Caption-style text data

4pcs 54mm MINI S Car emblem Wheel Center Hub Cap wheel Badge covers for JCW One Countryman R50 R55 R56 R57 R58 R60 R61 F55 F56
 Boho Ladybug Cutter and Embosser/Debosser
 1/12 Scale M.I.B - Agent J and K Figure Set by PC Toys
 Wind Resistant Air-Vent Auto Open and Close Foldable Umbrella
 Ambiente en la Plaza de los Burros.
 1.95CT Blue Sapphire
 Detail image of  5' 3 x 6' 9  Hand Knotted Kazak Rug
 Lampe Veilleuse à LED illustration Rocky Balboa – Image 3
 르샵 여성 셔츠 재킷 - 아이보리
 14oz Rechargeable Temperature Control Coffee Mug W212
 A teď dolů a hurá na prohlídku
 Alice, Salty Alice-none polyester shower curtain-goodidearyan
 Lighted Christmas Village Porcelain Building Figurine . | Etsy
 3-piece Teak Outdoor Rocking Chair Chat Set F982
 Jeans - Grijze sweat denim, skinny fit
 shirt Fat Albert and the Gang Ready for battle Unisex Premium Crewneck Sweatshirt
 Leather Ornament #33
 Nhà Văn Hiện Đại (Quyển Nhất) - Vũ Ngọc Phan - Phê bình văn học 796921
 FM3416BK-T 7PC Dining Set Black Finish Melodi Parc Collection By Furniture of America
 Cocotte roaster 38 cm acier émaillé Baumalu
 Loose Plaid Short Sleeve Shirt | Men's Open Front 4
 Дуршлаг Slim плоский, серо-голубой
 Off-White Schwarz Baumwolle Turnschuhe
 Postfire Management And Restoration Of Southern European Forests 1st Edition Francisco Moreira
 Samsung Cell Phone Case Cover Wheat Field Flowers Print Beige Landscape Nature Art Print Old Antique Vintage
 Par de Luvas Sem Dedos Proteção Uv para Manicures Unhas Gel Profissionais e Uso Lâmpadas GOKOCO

Problem details: Repeat the records above with every character intact.

Output for this exercise:
4pcs 54mm MINI S Car emblem Wheel Center Hub Cap wheel Badge covers for JCW One Countryman R50 R55 R56 R57 R58 R60 R61 F55 F56
 Boho Ladybug Cutter and Embosser/Debosser
 1/12 Scale M.I.B - Agent J and K Figure Set by PC Toys
 Wind Resistant Air-Vent Auto Open and Close Foldable Umbrella
 Ambiente en la Plaza de los Burros.
 1.95CT Blue Sapphire
 Detail image of  5' 3 x 6' 9  Hand Knotted Kazak Rug
 Lampe Veilleuse à LED illustration Rocky Balboa – Image 3
 르샵 여성 셔츠 재킷 - 아이보리
 14oz Rechargeable Temperature Control Coffee Mug W212
 A teď dolů a hurá na prohlídku
 Alice, Salty Alice-none polyester shower curtain-goodidearyan
 Lighted Christmas Village Porcelain Building Figurine . | Etsy
 3-piece Teak Outdoor Rocking Chair Chat Set F982
 Jeans - Grijze sweat denim, skinny fit
 shirt Fat Albert and the Gang Ready for battle Unisex Premium Crewneck Sweatshirt
 Leather Ornament #33
 Nhà Văn Hiện Đại (Quyển Nhất) - Vũ Ngọc Phan - Phê bình văn học 796921
 FM3416BK-T 7PC Dining Set Black Finish Melodi Parc Collection By Furniture of America
 Cocotte roaster 38 cm acier émaillé Baumalu
 Loose Plaid Short Sleeve Shirt | Men's Open Front 4
 Дуршлаг Slim плоский, серо-голубой
 Off-White Schwarz Baumwolle Turnschuhe
 Postfire Management And Restoration Of Southern European Forests 1st Edition Francisco Moreira
 Samsung Cell Phone Case Cover Wheat Field Flowers Print Beige Landscape Nature Art Print Old Antique Vintage
 Par de Luvas Sem Dedos Proteção Uv para Manicures Unhas Gel Profissionais e Uso Lâmpadas GOKOCO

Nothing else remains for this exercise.